The BRLV stablecoin is fully backed by Brazilian government bonds, which currently offer far more attractive yields compared to many developed countries. As per TradingEconomics, the yield on a 10-year Brazilian government bond rests at approximately 14%, after reaching a peak of 15.2% recently, solidifying Brazil’s position as a leading sovereign bond market internationally, despite the bureaucratic hurdles foreign investors often encounter.
Crafting a tokenized version of the real with government-backed debt, Crown’s goal is to simplify the path to Brazil’s fixed-income market and offer digital alternatives for holding Brazilian real-linked assets.
“The safest way to manage stablecoin reserves and ensure every token is fully backed is to invest those reserves in government bonds,” stated John Delaney, highlighting the company’s aim to create a more equitable model for its institutional partners by sharing income derived from these investments.
Crown’s latest financing round was headed by Framework Ventures with involvement from Valor Capital Group, Coinbase Ventures, Paxos, and additional investors.

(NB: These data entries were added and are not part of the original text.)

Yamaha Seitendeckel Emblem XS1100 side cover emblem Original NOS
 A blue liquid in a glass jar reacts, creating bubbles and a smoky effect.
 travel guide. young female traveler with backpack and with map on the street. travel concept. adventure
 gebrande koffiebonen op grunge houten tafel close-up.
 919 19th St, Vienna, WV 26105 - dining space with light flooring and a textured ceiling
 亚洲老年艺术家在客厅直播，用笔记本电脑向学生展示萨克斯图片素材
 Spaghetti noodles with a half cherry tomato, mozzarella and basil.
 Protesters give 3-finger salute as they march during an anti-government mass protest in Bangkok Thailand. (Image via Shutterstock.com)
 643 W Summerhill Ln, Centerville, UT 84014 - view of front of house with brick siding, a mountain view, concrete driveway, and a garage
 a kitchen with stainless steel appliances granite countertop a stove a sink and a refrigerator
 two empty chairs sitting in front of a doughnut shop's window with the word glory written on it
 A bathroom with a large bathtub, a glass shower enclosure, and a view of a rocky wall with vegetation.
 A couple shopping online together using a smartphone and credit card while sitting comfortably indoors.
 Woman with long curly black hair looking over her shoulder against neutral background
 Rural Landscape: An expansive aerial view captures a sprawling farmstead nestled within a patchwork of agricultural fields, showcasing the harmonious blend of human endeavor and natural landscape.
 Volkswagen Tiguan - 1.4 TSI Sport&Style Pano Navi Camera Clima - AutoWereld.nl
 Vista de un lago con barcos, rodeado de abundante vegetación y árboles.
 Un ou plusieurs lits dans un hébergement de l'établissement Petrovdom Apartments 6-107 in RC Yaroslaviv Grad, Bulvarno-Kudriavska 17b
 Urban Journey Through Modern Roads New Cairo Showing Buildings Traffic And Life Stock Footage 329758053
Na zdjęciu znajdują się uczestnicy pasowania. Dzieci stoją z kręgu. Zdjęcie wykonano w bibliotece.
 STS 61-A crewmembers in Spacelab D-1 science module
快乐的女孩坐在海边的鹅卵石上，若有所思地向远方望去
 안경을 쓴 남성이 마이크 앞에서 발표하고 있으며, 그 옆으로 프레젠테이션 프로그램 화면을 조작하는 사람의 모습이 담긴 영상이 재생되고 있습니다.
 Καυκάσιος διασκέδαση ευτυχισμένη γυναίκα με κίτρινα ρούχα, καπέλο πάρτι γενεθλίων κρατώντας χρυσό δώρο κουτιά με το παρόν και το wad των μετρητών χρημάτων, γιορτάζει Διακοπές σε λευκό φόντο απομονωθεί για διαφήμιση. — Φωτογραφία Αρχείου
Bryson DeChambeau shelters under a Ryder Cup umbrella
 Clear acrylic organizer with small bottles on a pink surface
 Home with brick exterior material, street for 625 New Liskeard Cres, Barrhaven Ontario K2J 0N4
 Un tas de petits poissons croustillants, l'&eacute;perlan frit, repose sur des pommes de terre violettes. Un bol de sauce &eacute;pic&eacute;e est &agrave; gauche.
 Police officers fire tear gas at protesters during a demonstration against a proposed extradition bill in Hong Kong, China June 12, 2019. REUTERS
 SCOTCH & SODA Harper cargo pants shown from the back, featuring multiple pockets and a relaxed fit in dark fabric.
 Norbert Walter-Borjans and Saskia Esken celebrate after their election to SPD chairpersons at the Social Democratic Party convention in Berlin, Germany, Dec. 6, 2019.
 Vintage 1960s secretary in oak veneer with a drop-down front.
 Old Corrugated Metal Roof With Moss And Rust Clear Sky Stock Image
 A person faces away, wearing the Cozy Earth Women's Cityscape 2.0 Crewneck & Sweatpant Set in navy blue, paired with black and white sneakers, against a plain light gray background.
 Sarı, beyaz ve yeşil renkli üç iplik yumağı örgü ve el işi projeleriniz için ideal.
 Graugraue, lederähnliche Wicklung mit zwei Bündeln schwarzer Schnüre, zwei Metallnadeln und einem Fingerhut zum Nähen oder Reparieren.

Brazil as a Crucial Player in the Stablecoin Sector
While the BRLV aims to broaden foreign investment avenues in Brazil, the nation has emerged as a hotspot for stablecoin activity in the region. As reported by Chainalysis, Brazil accounted for $318.8 billion in crypto transactions from July 2024 to June 2025, with stablecoins representing over 90% of this volume, signaling their significant role in payment methods and cross-border transactions.
Institutional interests have significantly influenced this crypto adoption within the country, with banks, fintechs, and payments providers increasingly incorporating blockchain technology.
“The capital flows can become more volatile, and that is essentially due to the wide accessibility of stablecoins for transferring funds into and out of the country,” cautioned Renato Gomes, Deputy Governor of the Central Bank of Brazil.